In such a scenario, and *baring any protruding bones, blood baths or other looming dangers, STAY INVISIBLE. Do NOT make eye contact. Do not speak.Stifle your sneeze. Pretend that you do not notice them, and you might get five more minutes out of the oh-so-fleeting HarmonyLand that has set up kingdom in your home. When the peace is inevitably shattered, and as you are picking up the hurricane (see above picture) that harmony left...recall the little bit of Heaven you were just given, and know that it was worth it. For them, and for you.
Praise them only after they broke the spell themselves.
(The young girl playing PlayDough had previously been squirted with water that her younger sister had doused her with and the mother, having learned her lesson, did not interrupt that happy play to bring in a dry shirt. That's how desperate this mother is to keep the peace. Thus, the computer-generated square coverup).

Savor the Moment


For whatever reason, everyone but my five year old and one of the two-year-old twins slept in a little later this morning ("sleep in" meaning "slept until 6:50am"). The eldest was curled up in his fleece blanket, eating cinnamon toast and being educated on fire safety (thank you, Fireman Sam). My sweet little twin, the one who loves to cuddle, found his way to my lap and rested his head on my chest. I had my warm(ish) cup of coffee with this little man's arms wrapped around me and I soaked up every second of it.

To have moments where my entire attention can be directed to one child alone is not an every-morning experience. Usually they are all up and at 'em at the same time, leaving me no option but a mass hug-and-kiss assembly line. Instead of lamenting that the rare shouldn't be so rare, I am learning to savor,and be grateful for the moments I am given. God always provides...not just money for the bills, but special moments with little souls who need it.


The Life of a Fix-It Man's Wife (and children)


There are times when, in the eternal course of fixing up one's old home, that the term "Family Dinner" might mean situating high chairs and other seating to face the window outside of which their father is working (painting, in our case).
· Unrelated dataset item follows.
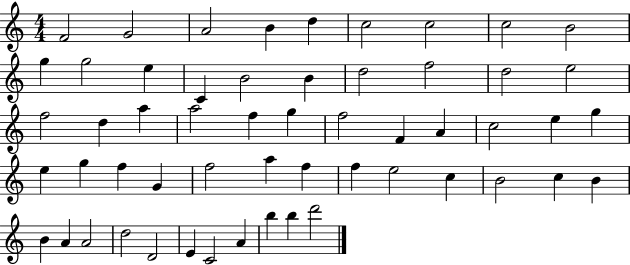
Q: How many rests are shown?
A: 0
It would behoove the woman to show appreciation for her man's hard work, even though she feels her load is significantly heavier than that of a gallon of paint. Nothing in life is or ever will be, perfectly equal. Learning to graciously accept that which is your portion is key to knowing peace, be it in the home or in the heart.

*In another small print disclaimer, the female child pictured above had an accident of the potty-training sort, and since her mother was trying to get dinner out on the table, went to her nearest source of clean clothes, the dryer. There where only panties, no pants were to be found. A wise and prudent woman will leave at least one load of laundry in the dryer until it can be folded (this may or may not mean days at a time), to make a convenient emergency pantie pit-stop. Yet another complimentary Suzy Homemaker Tip for your consideration.


 Stand By Your Nuts


If you're lucky enough to have nuts in your possession, be sure to stand by them while they're toasting. If left ignored, they might catch ablaze, leaving you in a smokey daze and your aspirations (for a delicious coffee cake) ruined.
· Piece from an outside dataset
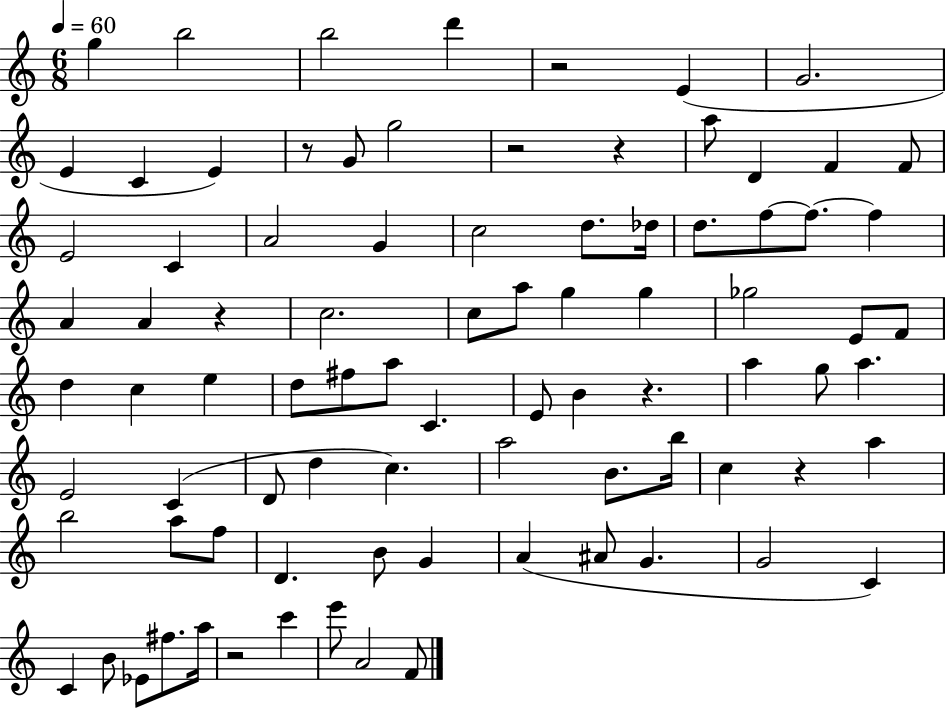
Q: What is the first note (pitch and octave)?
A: G5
No one wants to see nuts on fire, but sometimes a visual can help cement the reminder.
And on this point, I find no reminder can be too startling.
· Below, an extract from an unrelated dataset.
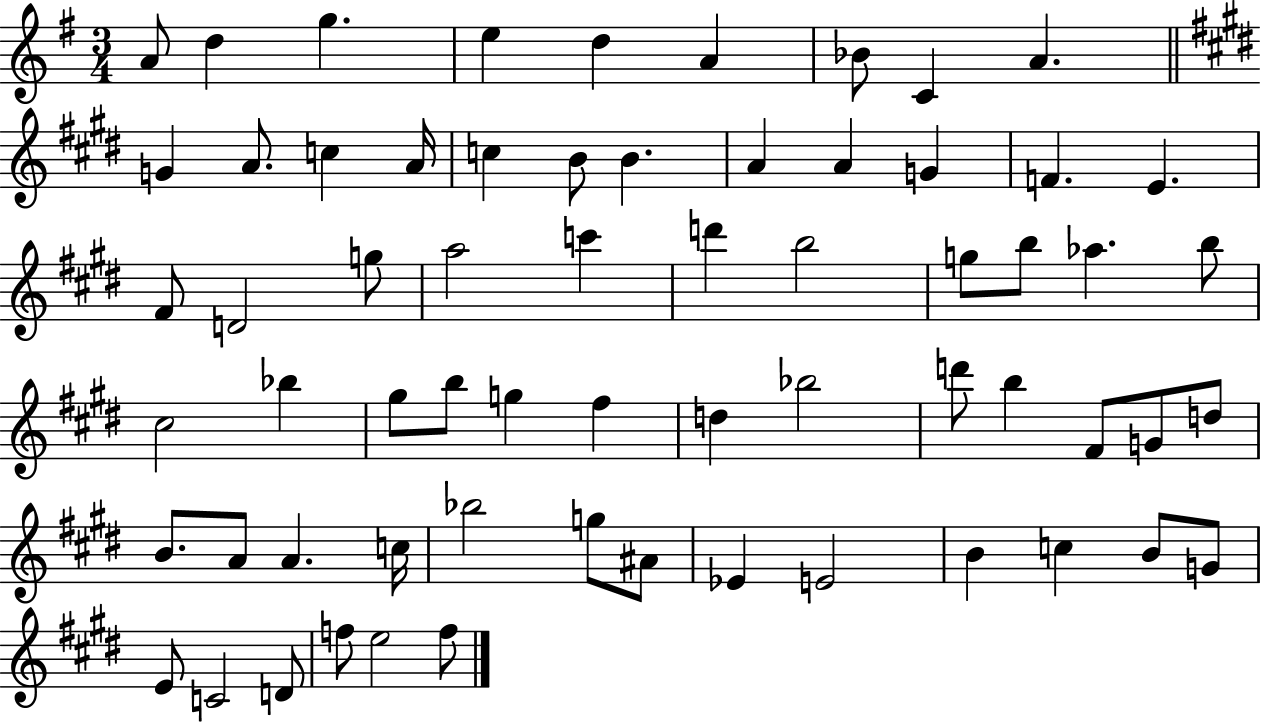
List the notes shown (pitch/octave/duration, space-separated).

A4/e D5/q G5/q. E5/q D5/q A4/q Bb4/e C4/q A4/q. G4/q A4/e. C5/q A4/s C5/q B4/e B4/q. A4/q A4/q G4/q F4/q. E4/q. F#4/e D4/h G5/e A5/h C6/q D6/q B5/h G5/e B5/e Ab5/q. B5/e C#5/h Bb5/q G#5/e B5/e G5/q F#5/q D5/q Bb5/h D6/e B5/q F#4/e G4/e D5/e B4/e. A4/e A4/q. C5/s Bb5/h G5/e A#4/e Eb4/q E4/h B4/q C5/q B4/e G4/e E4/e C4/h D4/e F5/e E5/h F5/e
*Last small print aside: I found myself praising and "not-praising" in nearly the same breath that fateful night. Praising God that my husband was not home at the time of the pillar-of-flame incident (I am struggling not to cross the line here with a comment about his unscathed n--never mind) and thinking nasty thoughts about the smoke alarm outside the slumbering children's rooms that was only doing it's job.


***

Forgive me. I should have warned you how profound and life changing these "little life realities" would be. It might be too much to absorb in one setting, so I humbly suggest rereading one tip per day for the rest of the week, meditating over it's deep rooted truth.
In fact, I'm mulling over writing a devotional for women who aren't in any particular parenting 'camp'  and need a place to feel normal.

;)  

Or maybe not.

Thank you for dropping by the Cottage, 
where the coffee is always lukewarm 
(and in the microwave being reheated)!